The Friedrich Naumann Foundation for Freedom’s Cato Institute, Fraser Institute, and Liberales Institute publish an annual study called the Human Freedom Index that provides a summary of “freedom” in a number of different nations across the world. It gauges the connections between social and economic circumstances and many forms of freedom, including political, religious, economic, and personal freedom.
In order to determine the important factors that influence freedom narratives, this lab will examine data from 2008 to 2016.
library(tidyverse)
## ── Attaching core tidyverse packages ──────────────────────── tidyverse 2.0.0 ──
## ✔ dplyr 1.1.4 ✔ readr 2.1.5
## ✔ forcats 1.0.0 ✔ stringr 1.5.1
## ✔ ggplot2 3.5.1 ✔ tibble 3.2.1
## ✔ lubridate 1.9.4 ✔ tidyr 1.3.1
## ✔ purrr 1.0.4
## ── Conflicts ────────────────────────────────────────── tidyverse_conflicts() ──
## ✖ dplyr::filter() masks stats::filter()

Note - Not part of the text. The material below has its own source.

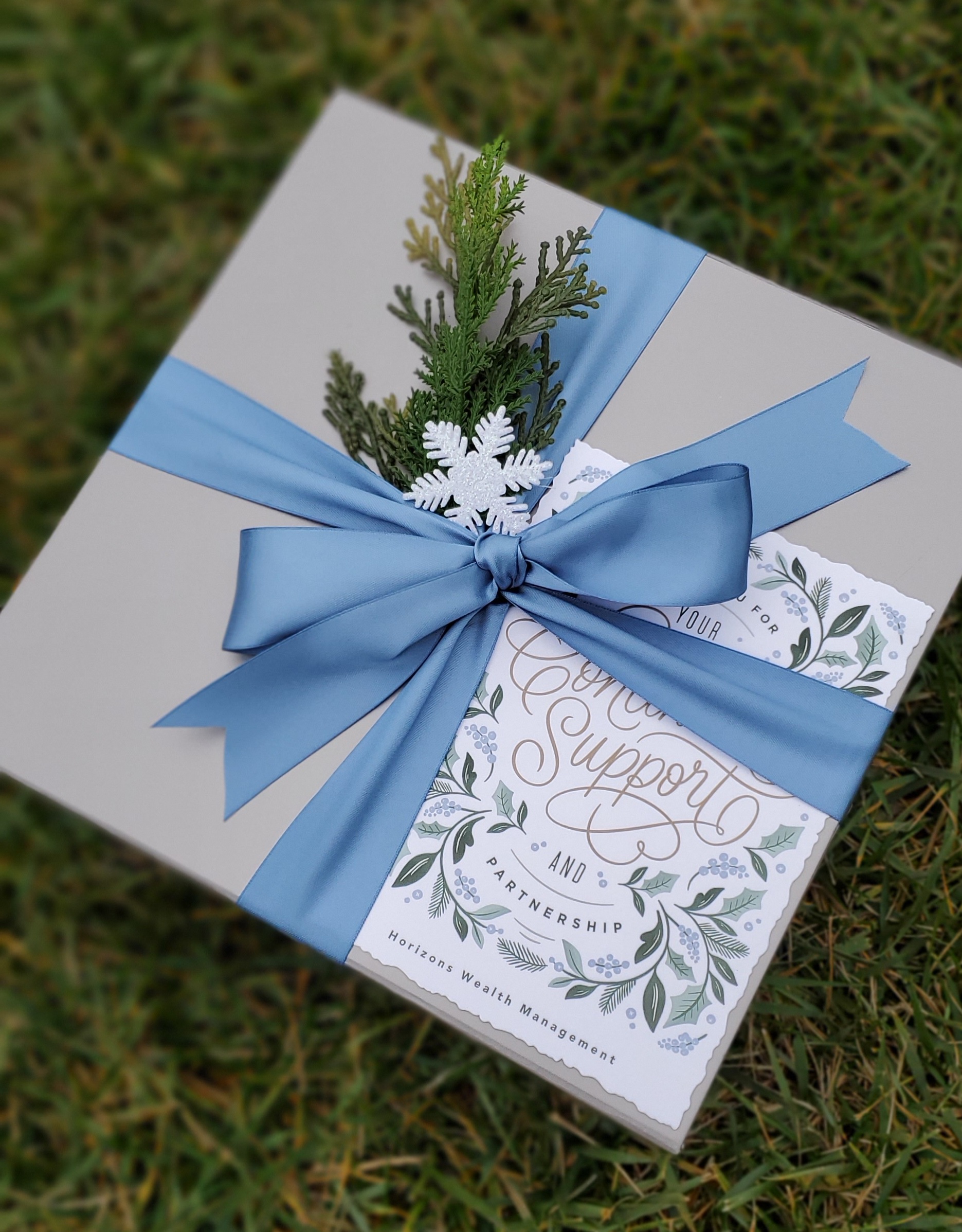 Portfolio Gift Baskets by Melissa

## ✖ dplyr::lag() masks stats::lag()
## ℹ Use the conflicted package (<http://conflicted.r-lib.org/>) to force all conflicts to become errors
library(openintro)
## Loading required package: airports
## Loading required package: cherryblossom
## Loading required package: usdata
data('hfi', package='openintro')
dim(hfi)
## [1] 1458 123
Will use a scatter plot to explore the relationship between personal freedom score and political expression control
ggplot(hfi, aes(x = pf_expression_control, y = pf_score)) +
geom_point() +
geom_smooth(method = "lm", se = FALSE)
## `geom_smooth()` using formula = 'y ~ x'
## Warning: Removed 80 rows containing non-finite outside the scale range
## (`stat_smooth()`).
## Warning: Removed 80 rows containing missing values or values outside the scale range
## (`geom_point()`).
This plot provide a more understanding whether linear relationship
exits. A linear model may be appropriate if the points form an
approximately straight line.
hfi %>%
summarise(cor(pf_expression_control, pf_score, use = "complete.obs"))
## # A tibble: 1 × 1
## `cor(pf_expression_control, pf_score, use = "complete.obs")`
## <dbl>
## 1 0.796
Here we can see that a correlation close to 1 or -1 suggests a strong linear relationship.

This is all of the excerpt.